_Recorded data_.
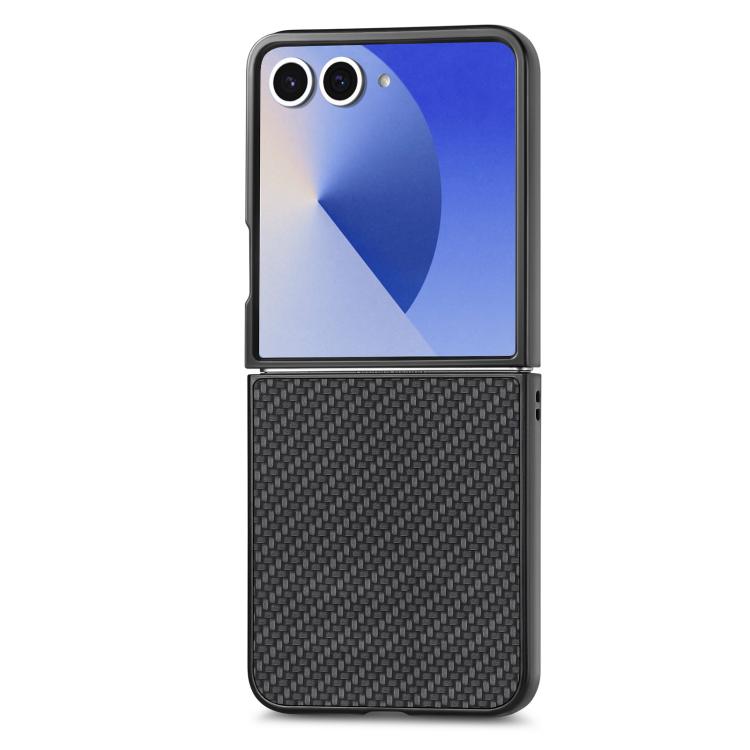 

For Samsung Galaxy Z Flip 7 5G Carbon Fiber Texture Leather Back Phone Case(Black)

--

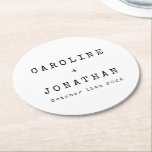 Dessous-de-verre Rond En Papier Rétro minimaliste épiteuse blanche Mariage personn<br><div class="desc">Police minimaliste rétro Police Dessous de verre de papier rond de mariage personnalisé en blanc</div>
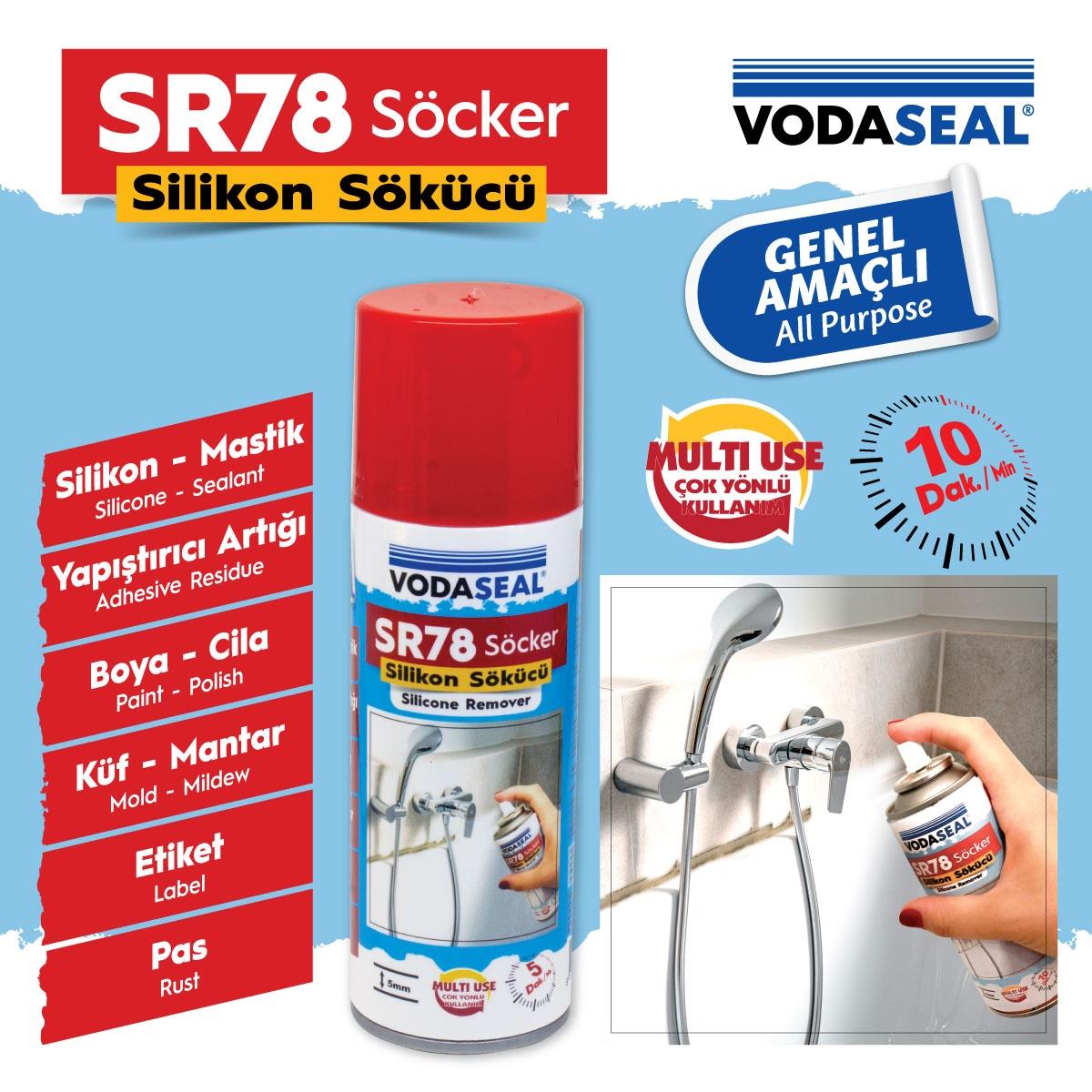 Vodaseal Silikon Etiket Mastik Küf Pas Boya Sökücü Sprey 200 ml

==

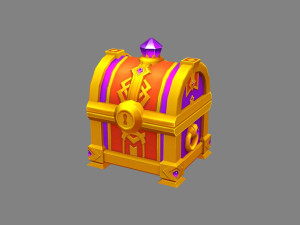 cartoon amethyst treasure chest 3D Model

_Your goal_.
Using the data above, retype exactly the lines from the line with "Dessous-de-verre Rond En" to the line with "Vodaseal Silikon Etiket", inclusive. No pictures and nothing else.

_Solution to this task_.
 Dessous-de-verre Rond En Papier Rétro minimaliste épiteuse blanche Mariage personn<br><div class="desc">Police minimaliste rétro Police Dessous de verre de papier rond de mariage personnalisé en blanc</div>
 Vodaseal Silikon Etiket Mastik Küf Pas Boya Sökücü Sprey 200 ml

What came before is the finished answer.